Total time derivatives and partial coordinate derivatives in classical mechanics

Question

This may be more of a math question, but I am trying to prove that for a function $f(q,\dot{q},t)$

$$\frac{d}{dt}\frac{∂f}{∂\dot{q}}=\frac{∂}{∂\dot{q}}\frac{df}{dt}−\frac{∂f}{∂q}.\tag{1}$$

As part of this problem, I have already proved that

$$\frac{d}{dt}\frac{\partial{f}}{\partial{q}}=\frac{\partial{}}{\partial{q}}\frac{df}{dt}\tag{2}$$

through the use of a total derivative expansion for $\frac{df}{dt}$, however I can't seem to figure out where the additional $-\frac{\partial{f}}{\partial{q}}$ term comes from for equation (1).

Answer 1

Careful with interchanging total and partial derivatives.
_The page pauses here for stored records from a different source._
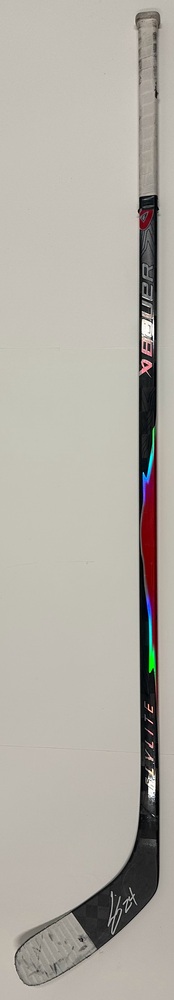 #24 Seth Jarvis Game Used Stick - Autographed - Carolina Hurricanes
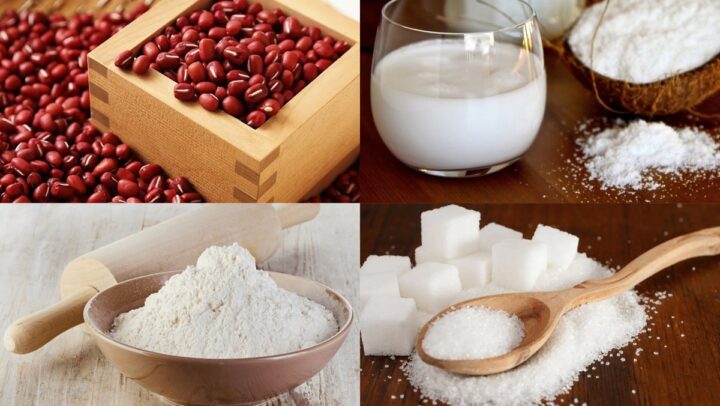 Nguyên liệu cần thiết để nấu chè đậu đỏ bằng nồi cơm điện tại nhà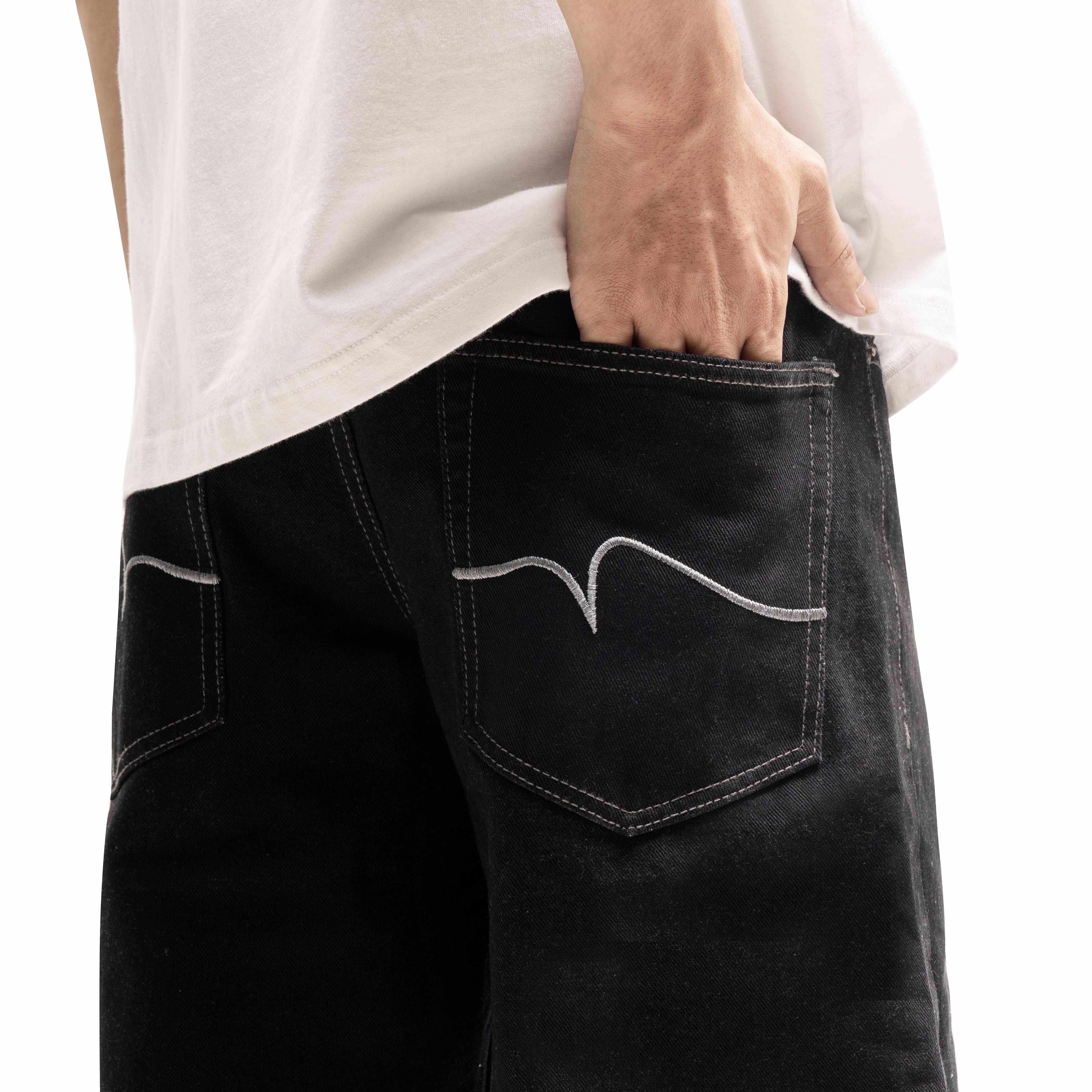 Queenbeer - Laurent Barrel Denim Pants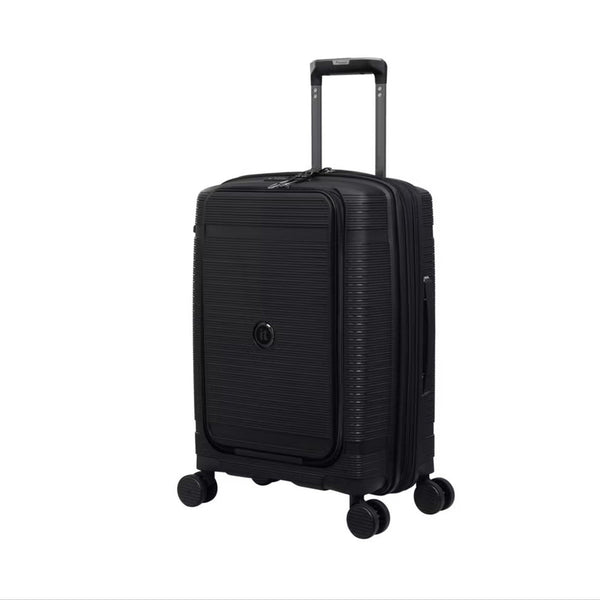 15-3108-08 Trolley Bag – 21" Cabin-Size Hard Shell Travel Luggage in Black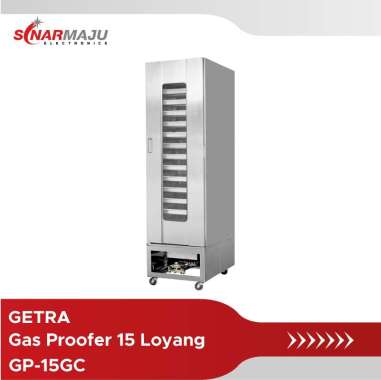 Gas Proofer GETRA 15 Loyang Mesin Pengembang Adonan Roti GP-15GC GP15GC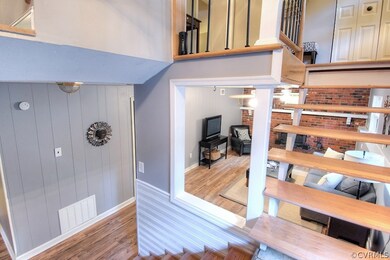 Super cute and unique floor plan with modern foyer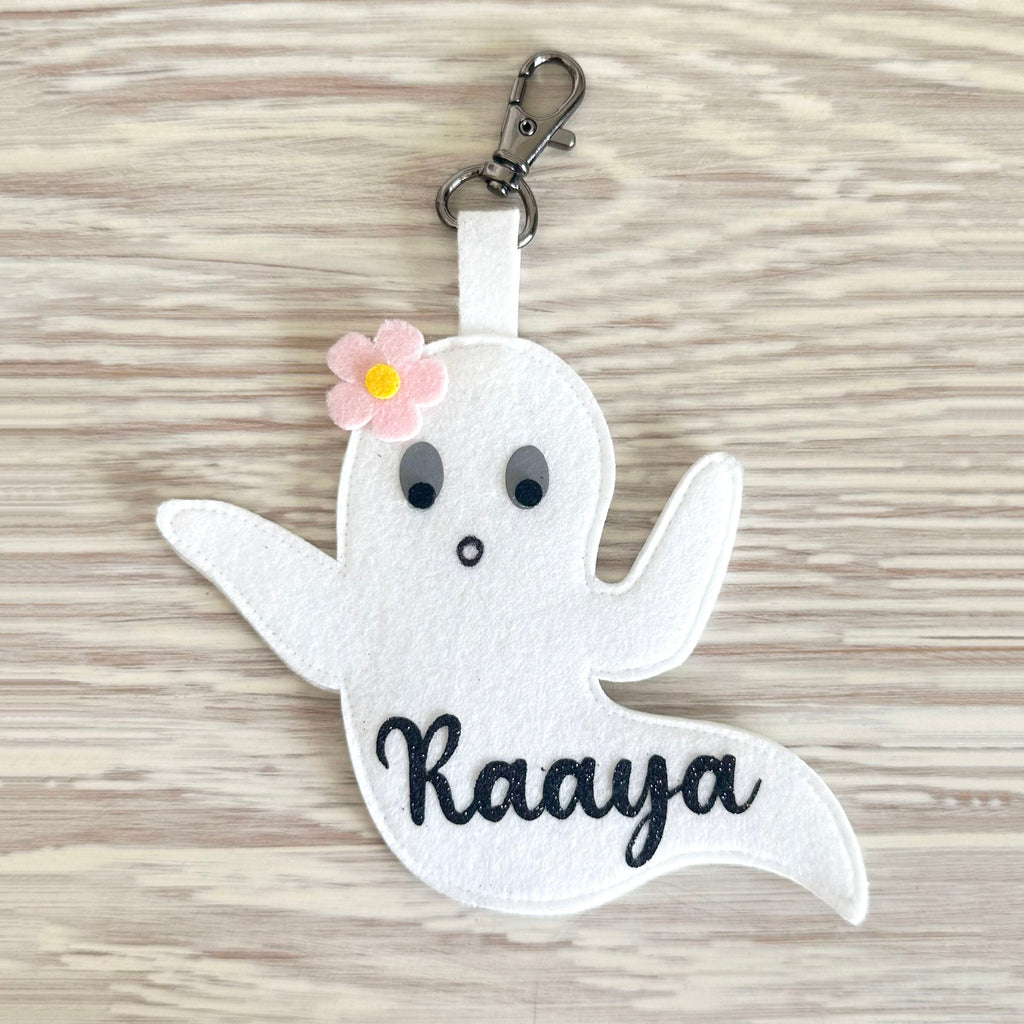 Ghost Girl Halloween Keychain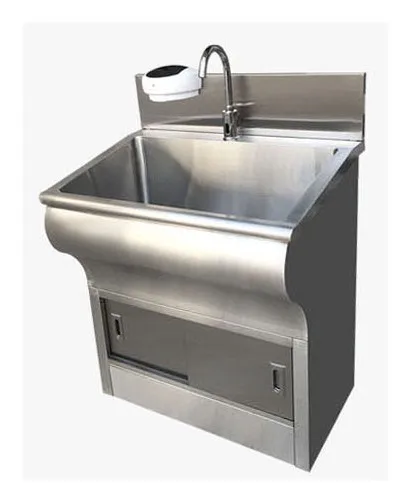 W07 Operating room sink  stainless steel hand wash sink with tap holes for operating room equipment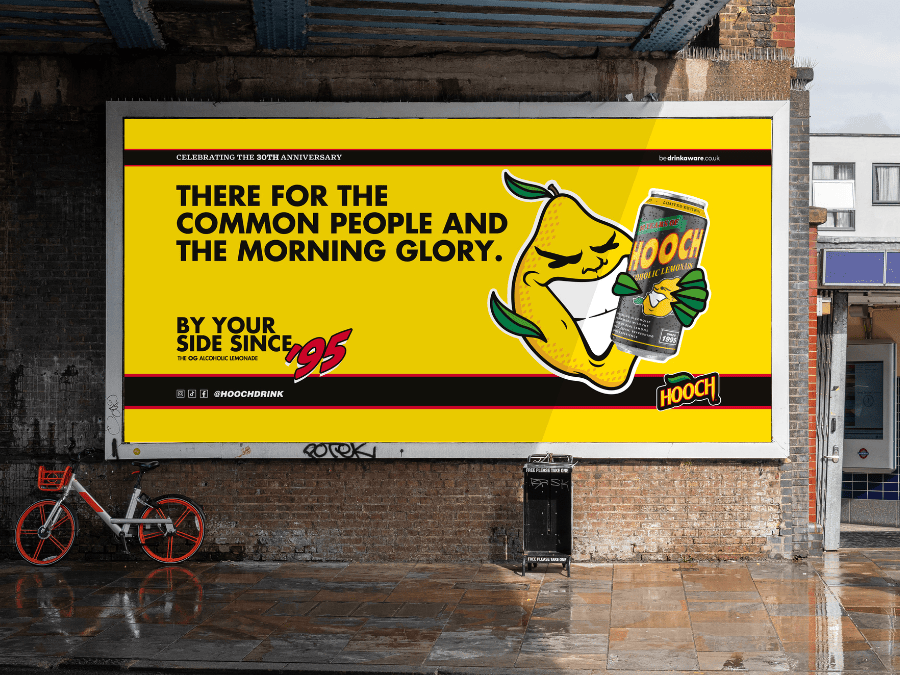 Hooch campaign billboard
In this context, I'm guessing you consider $f$ along a curve $q(t)$, then $$ \dfrac{d}{dt}f(q(t), \dot{q}(t), t) = \dfrac{\partial f}{\partial q}\dot{q}+ \dfrac{\partial f}{\partial \dot{q}}\ddot{q}+\dfrac{\partial f}{\partial t} $$ Something similar holds for $\tfrac{\partial f}{\partial \dot{q}}(q(t),\dot{q}(t), t)$. If you write that down explicitly and further compute $\tfrac{\partial}{\partial\dot{q}}\tfrac{df}{dt}$ you should see the result.

good luck.

Answer 2

OP's sought-for commutators $$\left[\frac{\partial}{\partial \dot{q}^j},\frac{\mathrm d}{\mathrm d t}\right]~\stackrel{(3)}{=}~\frac{\partial}{\partial q^j}\tag{1}$$ and $$\left[\frac{\partial}{\partial q^j},\frac{\mathrm d}{\mathrm d t}\right]~\stackrel{(3)}{=}~0\tag{2}$$ follow from the explicit formula $$\frac{\mathrm d}{\mathrm d t} ~=~\frac{\partial}{\partial t} +\dot{q}^j\frac{\partial}{\partial q^j} +\ddot{q}^j\frac{\partial}{\partial \dot{q}^j} +\dddot{q}^j\frac{\partial}{\partial \ddot{q}^j} +\ldots \tag{3}$$ for the total time derivative. See also e.g. this related Math.SE post & this related Phys.SE post.